Data shown START

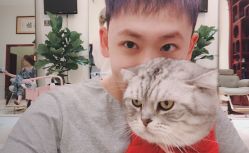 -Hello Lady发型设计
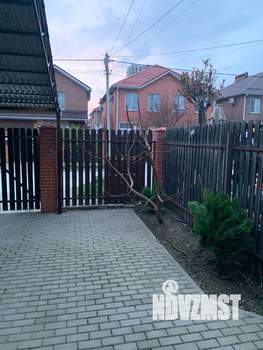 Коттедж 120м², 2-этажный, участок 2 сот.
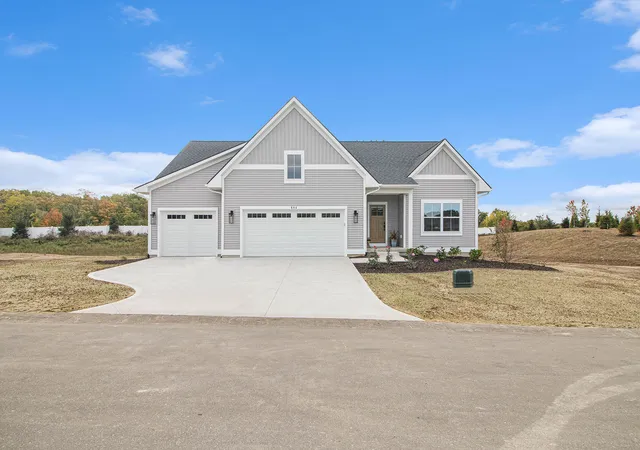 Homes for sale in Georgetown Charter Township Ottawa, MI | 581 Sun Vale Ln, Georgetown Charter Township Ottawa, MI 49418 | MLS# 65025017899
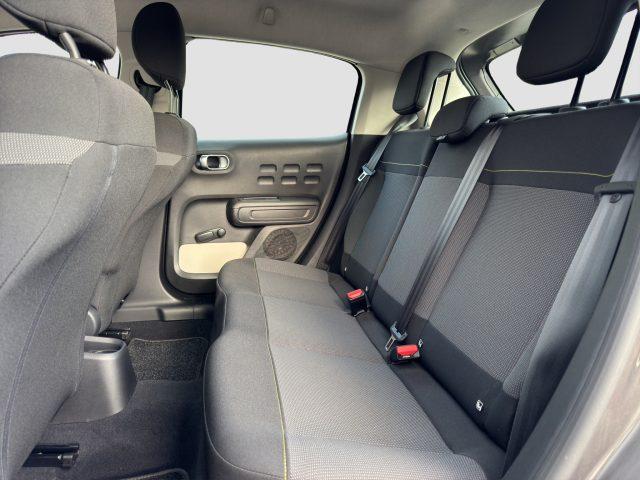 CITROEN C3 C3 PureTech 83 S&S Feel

Data shown END

**Work item:** Output nothing but an exact retyping of the material, pictures excluded.

**Exercise solution:**
 -Hello Lady发型设计
 Коттедж 120м², 2-этажный, участок 2 сот.
 Homes for sale in Georgetown Charter Township Ottawa, MI | 581 Sun Vale Ln, Georgetown Charter Township Ottawa, MI 49418 | MLS# 65025017899
 CITROEN C3 C3 PureTech 83 S&S Feel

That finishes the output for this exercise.